If your argument is that parts of data structures are uninitialized, use-after-free, actually C++ reduces a huge amount of problem too, even you can add checks for preventing oob issues (that is what libstdc++ or C++ standard library is doing). Also unlike Rust, you can change existing C code to make them safer while Rust could only be used in new code.

However, linus torvalds clearly does not like it and reasonable about it. And yes, C++ EH is a huge issue in kernel.

So, Rust must prove it is superior to modern C++. However, Rust still requires a huge amount of runtime afaik, due to the bloat of rustfmt and all sorts of other stuffs. Clearly, using Rust is no better either.

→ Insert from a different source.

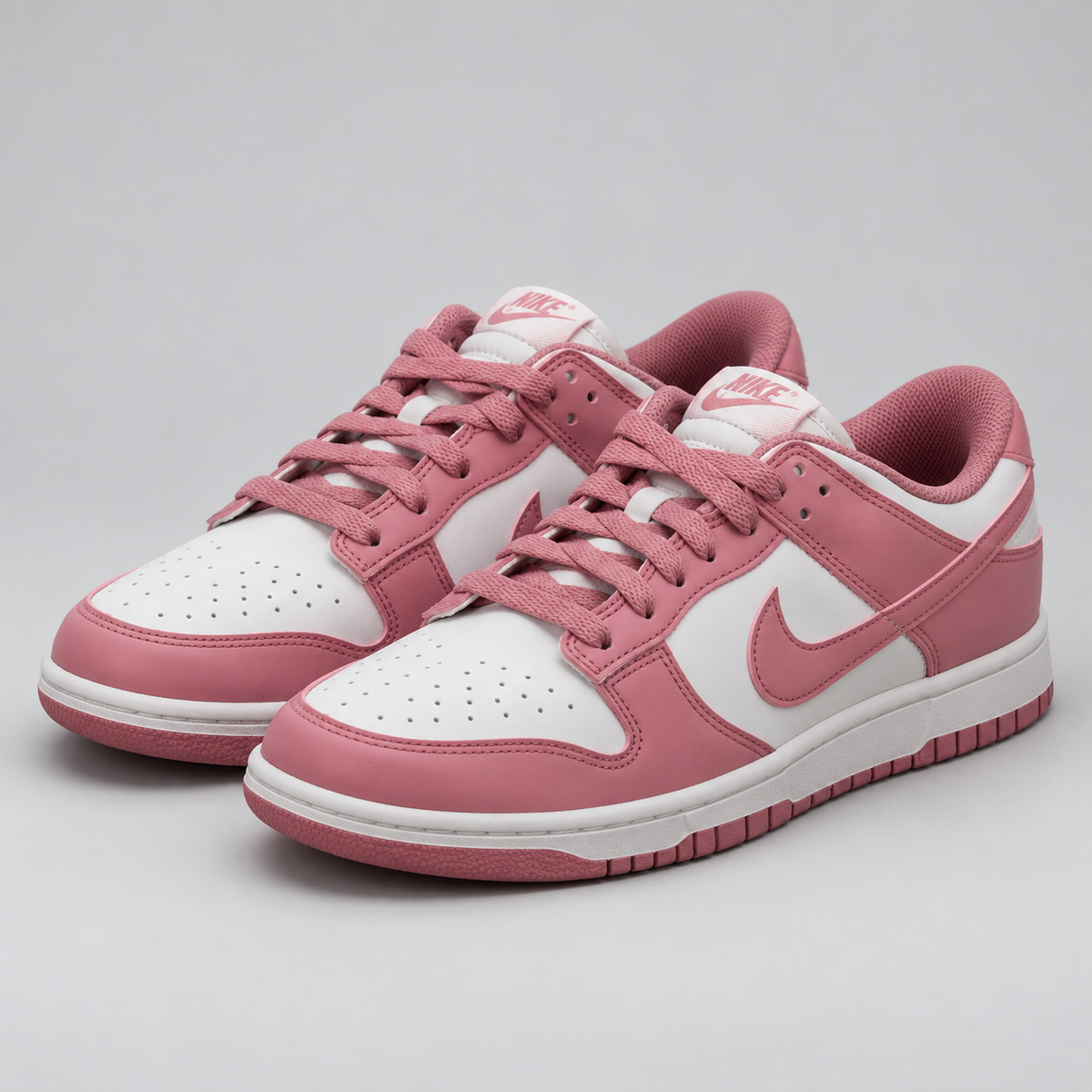 Nike Dunk Low rosa vit, snett framifrån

Also recently I've found the stupidity like this:
https://github.com/Rust-for-Linux/linux/commit/c606d85a0d3c67b8221fee5fa67028bdebd4b0cc#diff-521fe5c9ece1aa1f8b66228171598263574aefc6fa4ba06a61747ec81ee9f5a3


Instead of doing this
void foo()
{
p[1].x().y() = p[2].x().y();
}


Now you have to do this. Who the fuck in rust team though this is a good idea.
///SAFETY: p has 5 elements
///XXXX
///XXXX
unsafe fn foo()
{
(unsafe{p.get_mut_unchecked(1)}.unsafe {x()}.unwrap().unsafe{y()?})? = (unsafe{p.get_mut_unchecked(2)}.unsafe {x()}.unwrap().unsafe{y()?})?;
}

Rust one is completely unreadable, wasting programmers time and probably even leading to slower compilation.


If the goal of Rust team is to make everything painful, why should I waste time to fight against the compiler? Instead of using that time to sanitize and fuzz? What's the benefit of using it?